*** Supplied data ***

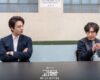 Drama Korea Bertema Thriller yang Penuh Plot Twist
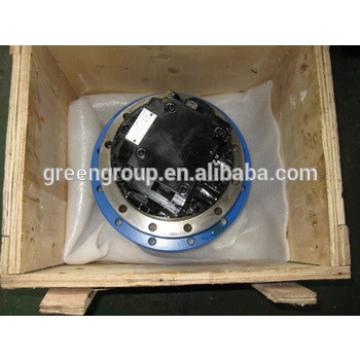 Bobcat 325 final drive, travel motor,MX331,MX341,E50,E32,E35,E43,E80,325,334,430,E45,E38,E32,328,325,328,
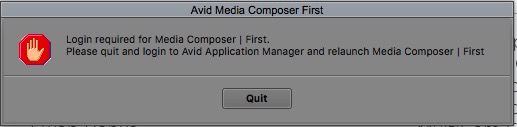 Media Composer - First: Free and finally shipping after all these years 16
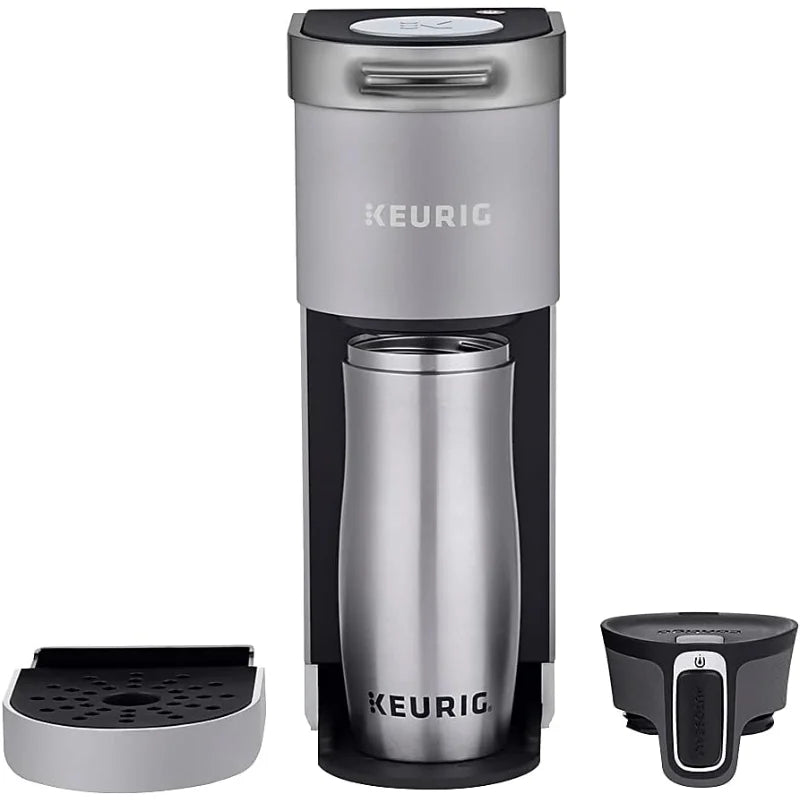 K-Suite Capsule Coffee Machine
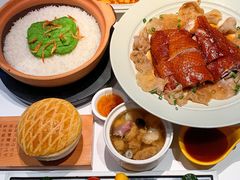-新兴·金羊座·粤菜点心(乐峰店)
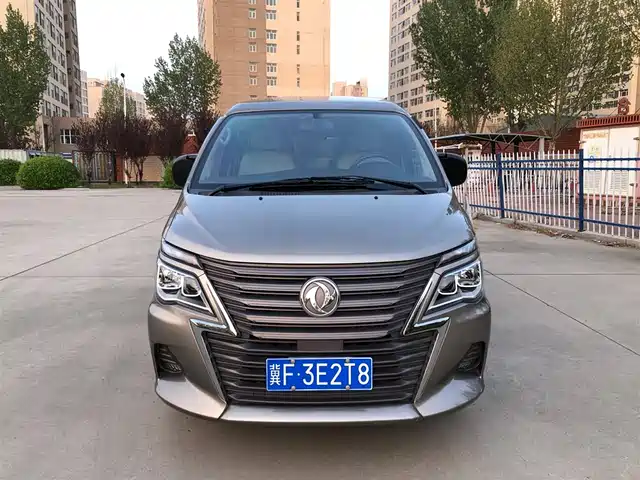DONGFENG LINGZHI
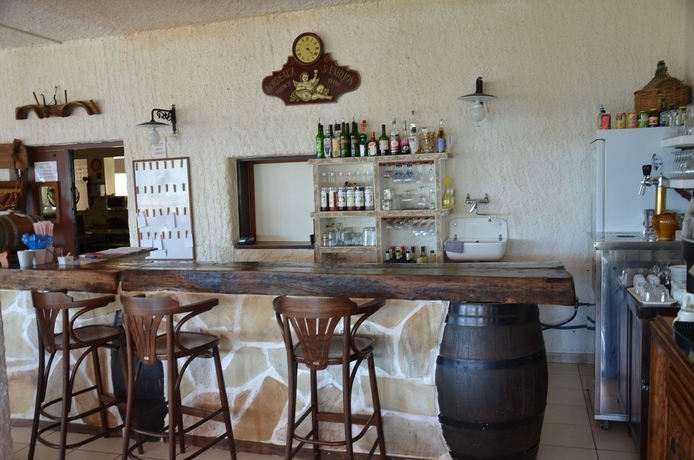 Imagen del bar/restaurante del U Fracintu. Foto 12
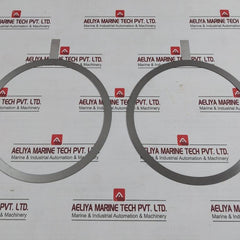 Lot Of 5X Nippon Pillar 6631-sotoeda Gasket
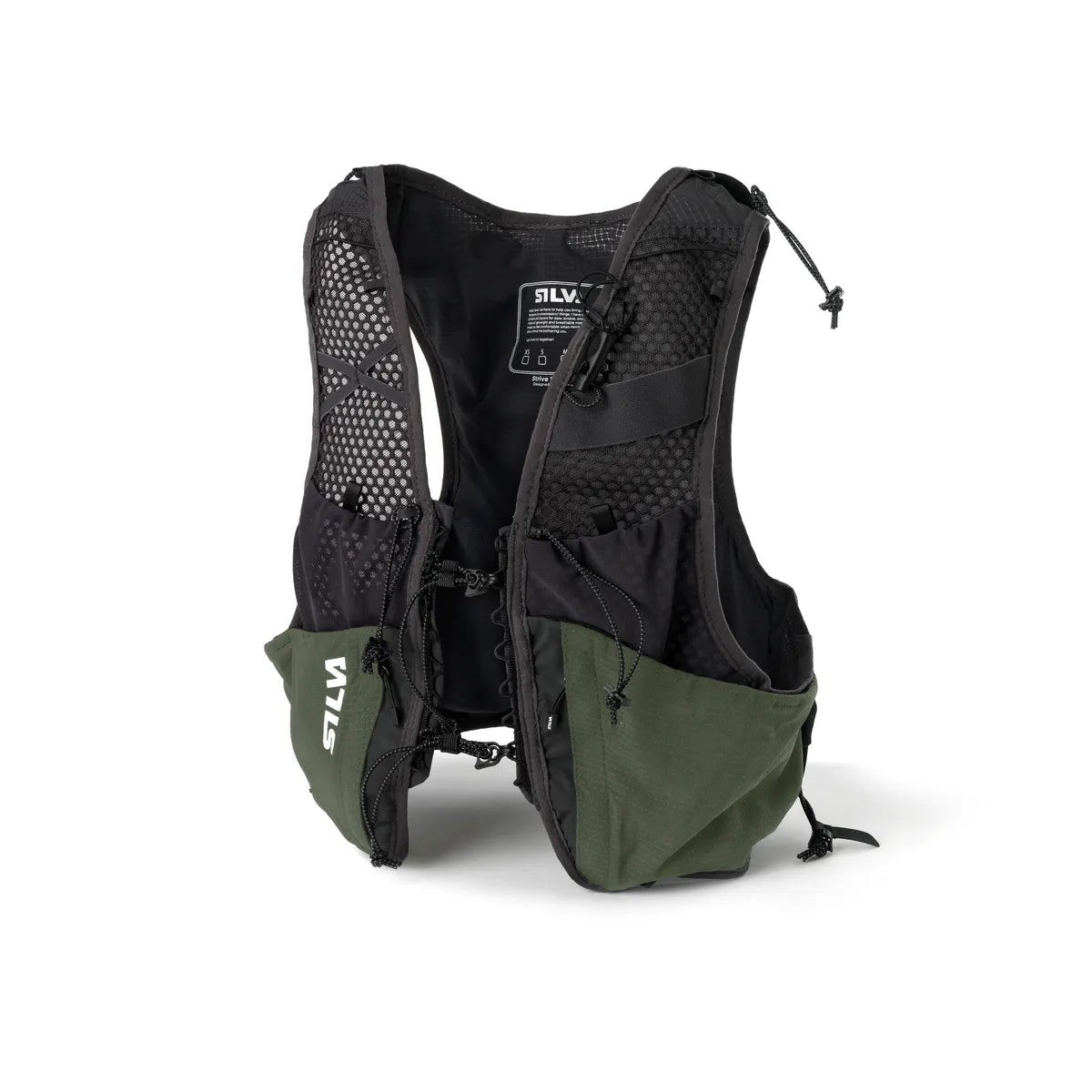 Silva Strive 10 Trail Running Vest
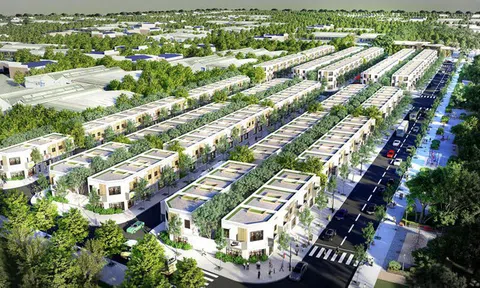 “Tuýt còi” dự án khoáng nóng Apec Mandala Sky Villas bán nhà “chui”
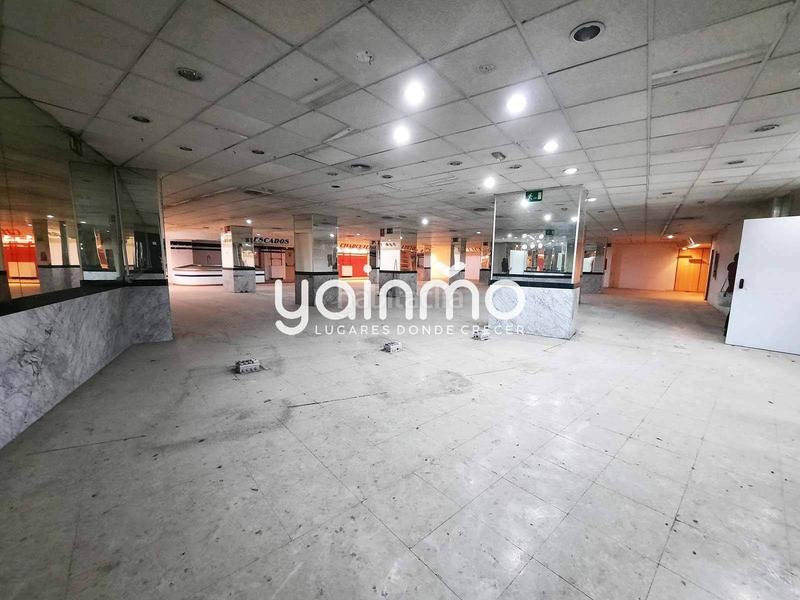 Foto b6ab17af-c84f-4e88-8f2d-87fb69bcd100. Lloguer local comercial a paseo de la estación 25y a Jaén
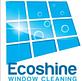 Ecoshine Window Cleaning in Orange, CA Windows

*** End of Supplied data ***

### What you will do
Exclude every picture and restate the listing word for word.

### Answer space
 Drama Korea Bertema Thriller yang Penuh Plot Twist
 Bobcat 325 final drive, travel motor,MX331,MX341,E50,E32,E35,E43,E80,325,334,430,E45,E38,E32,328,325,328,
 Media Composer - First: Free and finally shipping after all these years 16
 K-Suite Capsule Coffee Machine
-新兴·金羊座·粤菜点心(乐峰店)
DONGFENG LINGZHI
 Imagen del bar/restaurante del U Fracintu. Foto 12
 Lot Of 5X Nippon Pillar 6631-sotoeda Gasket
 Silva Strive 10 Trail Running Vest
 “Tuýt còi” dự án khoáng nóng Apec Mandala Sky Villas bán nhà “chui”
 Foto b6ab17af-c84f-4e88-8f2d-87fb69bcd100. Lloguer local comercial a paseo de la estación 25y a Jaén
 Ecoshine Window Cleaning in Orange, CA Windows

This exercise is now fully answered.